Short text fragments from websites:
------------------------------------------------------------------------

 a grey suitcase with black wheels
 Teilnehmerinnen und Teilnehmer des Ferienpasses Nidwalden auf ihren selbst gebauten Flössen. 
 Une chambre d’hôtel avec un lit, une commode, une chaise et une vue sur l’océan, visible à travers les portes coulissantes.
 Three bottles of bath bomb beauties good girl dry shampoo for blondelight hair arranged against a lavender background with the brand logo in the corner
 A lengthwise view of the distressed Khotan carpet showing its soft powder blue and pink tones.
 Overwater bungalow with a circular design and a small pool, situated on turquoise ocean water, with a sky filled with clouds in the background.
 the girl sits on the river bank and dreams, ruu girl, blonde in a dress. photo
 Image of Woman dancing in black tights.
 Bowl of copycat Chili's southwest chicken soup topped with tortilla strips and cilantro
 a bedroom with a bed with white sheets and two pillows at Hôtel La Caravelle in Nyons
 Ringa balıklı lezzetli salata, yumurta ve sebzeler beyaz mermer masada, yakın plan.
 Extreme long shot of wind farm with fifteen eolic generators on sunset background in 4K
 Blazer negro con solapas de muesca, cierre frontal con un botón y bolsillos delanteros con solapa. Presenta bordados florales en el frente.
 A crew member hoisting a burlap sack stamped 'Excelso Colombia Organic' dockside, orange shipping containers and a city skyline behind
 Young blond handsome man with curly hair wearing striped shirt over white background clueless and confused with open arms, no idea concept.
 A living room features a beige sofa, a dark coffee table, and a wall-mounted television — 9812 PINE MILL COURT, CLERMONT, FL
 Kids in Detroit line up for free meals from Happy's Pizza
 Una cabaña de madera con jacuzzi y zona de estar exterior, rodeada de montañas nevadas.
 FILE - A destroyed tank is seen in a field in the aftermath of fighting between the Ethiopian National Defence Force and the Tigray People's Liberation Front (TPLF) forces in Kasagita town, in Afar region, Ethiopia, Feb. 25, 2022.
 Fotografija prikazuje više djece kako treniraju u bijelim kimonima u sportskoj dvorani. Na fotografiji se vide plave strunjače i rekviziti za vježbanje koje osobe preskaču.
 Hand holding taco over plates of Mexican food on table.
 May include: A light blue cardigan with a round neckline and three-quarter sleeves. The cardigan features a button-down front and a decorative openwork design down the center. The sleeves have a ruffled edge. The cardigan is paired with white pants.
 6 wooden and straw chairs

------------------------------------------------------------------------

Exercise directions:
Set down exactly the lines that begin with the one containing "Kids in Detroit" and end with the last line above, and no others.

Output:
 Kids in Detroit line up for free meals from Happy's Pizza
 Una cabaña de madera con jacuzzi y zona de estar exterior, rodeada de montañas nevadas.
 FILE - A destroyed tank is seen in a field in the aftermath of fighting between the Ethiopian National Defence Force and the Tigray People's Liberation Front (TPLF) forces in Kasagita town, in Afar region, Ethiopia, Feb. 25, 2022.
 Fotografija prikazuje više djece kako treniraju u bijelim kimonima u sportskoj dvorani. Na fotografiji se vide plave strunjače i rekviziti za vježbanje koje osobe preskaču.
 Hand holding taco over plates of Mexican food on table.
 May include: A light blue cardigan with a round neckline and three-quarter sleeves. The cardigan features a button-down front and a decorative openwork design down the center. The sleeves have a ruffled edge. The cardigan is paired with white pants.
 6 wooden and straw chairs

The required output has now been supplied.